I have a number of speculative and science fiction stories that I could bundle with my 20K word novella, Second Life (which is available for free when signing up for my monthly newsletter, by the way). I decided earlier at the beginning of 2014 that the stories I featured monthly on my website would also go towards a collection at the end of the year.
For many years I’ve heard that short story collections traditionally don’t sell as well as novels. That’s okay with me as my goal is to build up a library of my own books. Since I’m writing these stories for my website visitors anyway, it makes sense to include them as a collection. Thanks to print-on-demand companies like Createspace and digital publishing, it costs very little to have a book available to the public, if you can do all the work yourself.
Since most of the stories intended for this collection are science fiction or speculative in nature, I wanted a ‘science-y’ title, something that was a phrase in scientific terms: think ‘Event Horizon’ or ‘Absolute Zero’ or ‘Dark Matter’. I didn’t want anything overly used, however. ‘Blue Shift’ is a term that describes any decrease in the wavelength of light, it’s also known as the ‘Doppler Effect’. (Apparently ‘Red Shift’ also means the same thing, so no surprises for what I’ll be calling my next collection). I made this choice because I had a personal preference for it and I thought it was a phrase that would attract interest. It was also meaningful to the main story inside, Second Life, where light plays a big part.
Now that I had my title, I needed a cover to match. With a name like ‘Blue Shift’, I thought it best to be predictable and look for pictures that were prominently blue in colour. I’d already purchased a deal of 100 pictures from 123rf.com a few months ago and pre-selected pictures that I either found inspiring or would feature in future projects. When searching through pictures that I already had rights to use, I found this image. (I’ve included the brand markings here for ethical reasons).
I initially chose it because I liked the colours, I liked the premise and it amused me. I only got it because I thought one day I might write a story about alien contact and this picture would be my inspiration. When it came to ‘Blue Shift’, I found the bottom half of the picture with the fellow standing there was interesting enough without the spaceship being there.

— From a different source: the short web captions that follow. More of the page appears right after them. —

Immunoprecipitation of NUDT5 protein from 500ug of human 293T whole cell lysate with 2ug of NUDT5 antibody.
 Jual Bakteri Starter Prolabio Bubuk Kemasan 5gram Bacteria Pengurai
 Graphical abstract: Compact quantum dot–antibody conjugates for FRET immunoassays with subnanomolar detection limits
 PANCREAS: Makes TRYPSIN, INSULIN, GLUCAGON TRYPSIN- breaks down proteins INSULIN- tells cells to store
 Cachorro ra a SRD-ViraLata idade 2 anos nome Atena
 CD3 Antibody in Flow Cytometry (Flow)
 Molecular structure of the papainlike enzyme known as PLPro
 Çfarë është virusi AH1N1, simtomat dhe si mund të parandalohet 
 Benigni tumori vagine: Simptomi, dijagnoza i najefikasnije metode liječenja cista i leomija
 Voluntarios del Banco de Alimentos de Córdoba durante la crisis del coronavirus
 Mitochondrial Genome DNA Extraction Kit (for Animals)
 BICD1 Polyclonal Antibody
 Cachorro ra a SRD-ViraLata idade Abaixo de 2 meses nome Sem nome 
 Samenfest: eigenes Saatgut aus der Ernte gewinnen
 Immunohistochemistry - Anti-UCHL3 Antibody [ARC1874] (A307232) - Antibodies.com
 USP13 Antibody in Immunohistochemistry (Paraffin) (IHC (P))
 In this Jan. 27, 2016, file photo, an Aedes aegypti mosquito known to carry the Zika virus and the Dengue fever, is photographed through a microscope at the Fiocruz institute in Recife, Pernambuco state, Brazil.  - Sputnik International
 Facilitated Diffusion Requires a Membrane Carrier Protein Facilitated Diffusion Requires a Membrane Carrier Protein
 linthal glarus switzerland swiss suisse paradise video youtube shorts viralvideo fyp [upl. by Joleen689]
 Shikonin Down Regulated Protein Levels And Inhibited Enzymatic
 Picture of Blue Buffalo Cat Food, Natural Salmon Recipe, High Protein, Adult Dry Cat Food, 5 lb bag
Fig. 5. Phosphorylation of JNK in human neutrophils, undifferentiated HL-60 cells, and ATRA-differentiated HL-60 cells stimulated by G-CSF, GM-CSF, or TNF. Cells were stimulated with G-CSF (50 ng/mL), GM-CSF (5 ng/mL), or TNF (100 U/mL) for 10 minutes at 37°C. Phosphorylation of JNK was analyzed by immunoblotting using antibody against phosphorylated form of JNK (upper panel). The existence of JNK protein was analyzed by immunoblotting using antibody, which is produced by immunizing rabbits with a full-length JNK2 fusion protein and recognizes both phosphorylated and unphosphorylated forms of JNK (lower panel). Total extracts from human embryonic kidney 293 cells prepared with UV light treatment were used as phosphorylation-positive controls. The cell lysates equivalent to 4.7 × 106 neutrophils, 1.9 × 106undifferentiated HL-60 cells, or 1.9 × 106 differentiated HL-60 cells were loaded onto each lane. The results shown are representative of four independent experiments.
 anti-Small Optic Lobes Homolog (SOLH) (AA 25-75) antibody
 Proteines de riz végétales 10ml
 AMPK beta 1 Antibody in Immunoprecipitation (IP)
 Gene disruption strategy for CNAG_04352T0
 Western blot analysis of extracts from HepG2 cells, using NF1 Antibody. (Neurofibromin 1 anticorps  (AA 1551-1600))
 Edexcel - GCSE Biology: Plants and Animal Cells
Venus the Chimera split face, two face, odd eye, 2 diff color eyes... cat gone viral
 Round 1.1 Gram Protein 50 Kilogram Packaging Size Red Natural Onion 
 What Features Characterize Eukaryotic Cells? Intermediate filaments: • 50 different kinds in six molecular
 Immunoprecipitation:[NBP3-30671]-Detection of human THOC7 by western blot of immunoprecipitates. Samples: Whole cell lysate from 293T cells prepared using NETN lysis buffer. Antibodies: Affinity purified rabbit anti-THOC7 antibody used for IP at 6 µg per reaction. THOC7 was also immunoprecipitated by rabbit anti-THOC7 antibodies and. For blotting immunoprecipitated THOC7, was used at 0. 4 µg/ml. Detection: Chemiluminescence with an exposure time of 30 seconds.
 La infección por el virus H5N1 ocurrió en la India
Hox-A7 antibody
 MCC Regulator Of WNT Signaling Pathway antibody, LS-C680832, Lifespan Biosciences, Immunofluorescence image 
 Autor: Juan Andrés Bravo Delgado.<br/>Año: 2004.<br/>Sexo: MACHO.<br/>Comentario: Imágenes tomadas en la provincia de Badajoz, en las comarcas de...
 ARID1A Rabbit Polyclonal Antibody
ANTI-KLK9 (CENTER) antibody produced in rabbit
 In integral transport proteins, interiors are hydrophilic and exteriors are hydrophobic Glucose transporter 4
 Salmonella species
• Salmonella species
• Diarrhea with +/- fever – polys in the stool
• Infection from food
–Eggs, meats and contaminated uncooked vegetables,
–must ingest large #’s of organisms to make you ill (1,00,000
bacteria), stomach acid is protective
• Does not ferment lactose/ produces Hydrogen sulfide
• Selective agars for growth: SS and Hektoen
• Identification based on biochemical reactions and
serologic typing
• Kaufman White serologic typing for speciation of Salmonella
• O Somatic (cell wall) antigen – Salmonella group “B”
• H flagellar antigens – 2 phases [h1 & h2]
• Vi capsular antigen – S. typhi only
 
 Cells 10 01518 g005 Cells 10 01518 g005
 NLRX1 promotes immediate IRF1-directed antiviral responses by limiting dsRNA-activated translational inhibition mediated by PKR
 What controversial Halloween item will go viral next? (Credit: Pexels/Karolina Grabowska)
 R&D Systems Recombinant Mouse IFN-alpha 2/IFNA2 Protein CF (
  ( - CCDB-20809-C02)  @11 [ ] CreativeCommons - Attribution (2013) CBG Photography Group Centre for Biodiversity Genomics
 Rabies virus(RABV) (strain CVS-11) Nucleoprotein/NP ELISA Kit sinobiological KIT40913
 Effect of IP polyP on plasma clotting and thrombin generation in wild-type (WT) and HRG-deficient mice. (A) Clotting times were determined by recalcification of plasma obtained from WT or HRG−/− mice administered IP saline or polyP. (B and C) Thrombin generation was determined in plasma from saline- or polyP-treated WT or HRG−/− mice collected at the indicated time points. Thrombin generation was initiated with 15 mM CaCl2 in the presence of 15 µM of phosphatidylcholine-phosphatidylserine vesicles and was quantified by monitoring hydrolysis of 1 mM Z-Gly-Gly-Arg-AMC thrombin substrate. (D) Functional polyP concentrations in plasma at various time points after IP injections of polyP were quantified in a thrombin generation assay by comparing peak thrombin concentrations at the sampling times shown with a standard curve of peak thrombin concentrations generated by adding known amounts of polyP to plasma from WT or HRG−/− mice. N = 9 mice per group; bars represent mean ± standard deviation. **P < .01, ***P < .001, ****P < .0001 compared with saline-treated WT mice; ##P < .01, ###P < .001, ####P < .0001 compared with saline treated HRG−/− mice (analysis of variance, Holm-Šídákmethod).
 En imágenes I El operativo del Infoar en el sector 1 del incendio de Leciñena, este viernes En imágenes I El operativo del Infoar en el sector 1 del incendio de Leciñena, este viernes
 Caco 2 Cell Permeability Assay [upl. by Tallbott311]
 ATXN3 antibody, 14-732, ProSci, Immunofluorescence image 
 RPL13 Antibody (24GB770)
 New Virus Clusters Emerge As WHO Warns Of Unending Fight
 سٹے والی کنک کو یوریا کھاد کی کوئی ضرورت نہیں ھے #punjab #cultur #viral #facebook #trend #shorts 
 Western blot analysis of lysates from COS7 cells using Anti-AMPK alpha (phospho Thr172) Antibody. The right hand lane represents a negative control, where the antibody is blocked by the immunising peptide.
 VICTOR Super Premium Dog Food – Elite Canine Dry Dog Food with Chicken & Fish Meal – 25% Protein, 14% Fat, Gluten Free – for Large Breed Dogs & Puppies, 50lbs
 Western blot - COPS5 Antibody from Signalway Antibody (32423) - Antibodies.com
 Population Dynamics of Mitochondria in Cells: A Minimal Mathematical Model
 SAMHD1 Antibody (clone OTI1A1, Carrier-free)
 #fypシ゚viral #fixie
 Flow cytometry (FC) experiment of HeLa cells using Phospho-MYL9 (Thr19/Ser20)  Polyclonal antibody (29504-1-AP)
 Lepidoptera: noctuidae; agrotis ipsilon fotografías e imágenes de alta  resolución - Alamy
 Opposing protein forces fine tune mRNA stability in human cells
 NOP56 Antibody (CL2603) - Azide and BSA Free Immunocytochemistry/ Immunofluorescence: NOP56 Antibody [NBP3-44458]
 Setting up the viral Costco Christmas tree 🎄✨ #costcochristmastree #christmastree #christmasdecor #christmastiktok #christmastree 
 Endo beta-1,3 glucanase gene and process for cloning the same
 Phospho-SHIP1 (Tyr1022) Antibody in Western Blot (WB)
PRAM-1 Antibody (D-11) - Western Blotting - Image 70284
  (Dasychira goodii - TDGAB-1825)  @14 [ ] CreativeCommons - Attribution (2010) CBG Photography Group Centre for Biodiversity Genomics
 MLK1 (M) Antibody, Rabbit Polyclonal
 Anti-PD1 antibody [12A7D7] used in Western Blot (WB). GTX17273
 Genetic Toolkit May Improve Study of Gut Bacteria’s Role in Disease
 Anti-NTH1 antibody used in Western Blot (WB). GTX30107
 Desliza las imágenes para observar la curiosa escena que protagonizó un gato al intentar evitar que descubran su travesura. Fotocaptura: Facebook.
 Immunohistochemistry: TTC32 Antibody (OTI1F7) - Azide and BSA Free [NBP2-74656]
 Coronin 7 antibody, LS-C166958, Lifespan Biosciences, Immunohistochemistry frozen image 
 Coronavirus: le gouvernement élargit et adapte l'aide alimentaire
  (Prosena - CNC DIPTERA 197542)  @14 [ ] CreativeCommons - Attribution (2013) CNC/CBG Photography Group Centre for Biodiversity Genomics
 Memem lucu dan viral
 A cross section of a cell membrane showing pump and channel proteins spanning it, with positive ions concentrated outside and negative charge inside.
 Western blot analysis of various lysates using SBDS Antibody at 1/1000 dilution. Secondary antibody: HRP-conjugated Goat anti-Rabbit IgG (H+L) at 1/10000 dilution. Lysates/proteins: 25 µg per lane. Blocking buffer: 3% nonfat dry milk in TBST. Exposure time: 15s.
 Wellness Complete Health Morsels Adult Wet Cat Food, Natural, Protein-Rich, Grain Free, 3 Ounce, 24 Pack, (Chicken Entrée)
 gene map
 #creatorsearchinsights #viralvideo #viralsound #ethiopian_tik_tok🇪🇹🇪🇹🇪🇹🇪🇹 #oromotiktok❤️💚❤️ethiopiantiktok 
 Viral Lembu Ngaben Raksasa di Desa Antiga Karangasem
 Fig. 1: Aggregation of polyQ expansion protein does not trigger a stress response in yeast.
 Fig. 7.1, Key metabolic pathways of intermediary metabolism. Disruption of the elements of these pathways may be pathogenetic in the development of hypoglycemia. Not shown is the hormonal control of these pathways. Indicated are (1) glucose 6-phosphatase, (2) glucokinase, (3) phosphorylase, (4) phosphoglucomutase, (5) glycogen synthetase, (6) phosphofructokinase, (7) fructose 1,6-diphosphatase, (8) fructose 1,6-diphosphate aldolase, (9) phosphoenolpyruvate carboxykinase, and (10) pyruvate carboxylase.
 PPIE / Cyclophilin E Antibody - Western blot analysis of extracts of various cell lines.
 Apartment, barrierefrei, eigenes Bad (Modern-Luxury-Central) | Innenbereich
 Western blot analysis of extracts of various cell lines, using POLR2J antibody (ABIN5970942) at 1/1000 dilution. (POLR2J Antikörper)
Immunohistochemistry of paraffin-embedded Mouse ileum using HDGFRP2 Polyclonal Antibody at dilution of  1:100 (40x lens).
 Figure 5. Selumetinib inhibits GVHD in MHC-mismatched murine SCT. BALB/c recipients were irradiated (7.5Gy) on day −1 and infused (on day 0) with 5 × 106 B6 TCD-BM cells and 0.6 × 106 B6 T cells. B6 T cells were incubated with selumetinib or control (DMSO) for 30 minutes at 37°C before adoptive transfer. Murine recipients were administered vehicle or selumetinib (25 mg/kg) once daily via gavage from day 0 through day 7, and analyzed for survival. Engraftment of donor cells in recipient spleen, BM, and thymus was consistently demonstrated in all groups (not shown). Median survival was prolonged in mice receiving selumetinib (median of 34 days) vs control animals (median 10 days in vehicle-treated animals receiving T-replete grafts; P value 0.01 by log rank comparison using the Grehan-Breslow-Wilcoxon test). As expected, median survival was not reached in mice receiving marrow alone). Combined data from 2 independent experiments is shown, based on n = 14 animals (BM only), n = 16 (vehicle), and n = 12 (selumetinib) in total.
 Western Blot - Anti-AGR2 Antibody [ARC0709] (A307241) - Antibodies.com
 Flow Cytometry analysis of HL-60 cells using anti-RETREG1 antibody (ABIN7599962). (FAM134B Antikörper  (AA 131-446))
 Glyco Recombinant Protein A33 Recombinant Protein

After cropping it, I found my instincts were correct but it looked a little flat. I headed over to picmonkey.com and dropped in my picture, then played around with various special effects. I added clouds for texture and was pleased to find it also gave a fog effect. I boosted the greens, darkened the overall picture and added another light source coming from the trees. Voila, I had a new picture that was different enough from the original that if somebody else used that stock photo for a book cover, it wouldn’t be devastating.
Because I purchased 100 pictures in bulk at 123rf.com for $159 (which allowed me access to high definition), this picture cost me $1.59. For that price to be applicable, I am gambling that I’ll be able to use all 100 of my chosen pictures. Some were chosen for specific projects while others were chosen on instinct, like this one. I’m not worried, because even if I only end up using half of them, the cost of the image would double to $3.18 which is still a good price.
The choice of font and placement of the title was relatively easy. I have a few favourite fonts that I tend to go to. “Blue Shift” sits neatly in the downcast light and I was lucky the words fit together atop each other neatly. I deliberated on the flash at the bottom of the cover though–I struggled with how to phrase it. Should I call it “A Collection of Speculative and Science Fiction” or “A Speculative & Science Fiction Collection”? I still waver between the two. I used the same turquoise on the flash that appears in the image for symmetry, and broke the rules by mixing fonts. It was a calculated decision: the “Blue Shift” font is too narrow at that size and I don’t want a script font at the bottom. If the icon is any smaller than 200 x 300, it is difficult (read: near impossible) to read the flash line, but it isn’t necessary.
The presentation of my name is debatable too. I used it to underline the title rather than to draw attention. I used an overlay specifically for it to blend in and not stand out. (For those who don’t know, an overlay can create a ‘transparent’ effect depending on the filter used. I used white, which gave me a light blue effect because of the background). My name is ‘hidden’, I do know that, and I don’t know if that’s a good idea or not. I do know at this point in time, my name’s not as important as the title so I’m going to run with it. I looked at a black version but I feel it makes the cover look messy and that it takes away from the image. There’s a technique used–I don’t know what it’s called–that advertisers use, kind of like a reversal. When you have to listen to TV ads that shout at you and then one comes on with the volume way down or is really quiet… it stands out because it’s different, because it’s harder to hear so people look twice. In magazines, they do that trick too, with images and colour. I have no idea if it works or not or even how to measure it. How the fonts look are certainly personal preference.
Image rights to print 100,000 copies: $1.59
Annual Subscription to picmonkey.com: $3.67*
*(Subscription of $33 split between 9 income producing books, Femme, Blue Shift & seven Wanderer of Worlds covers)
TOTAL COST: $5.26
PLUS a dedicated couple of hours fiddling with the finished format.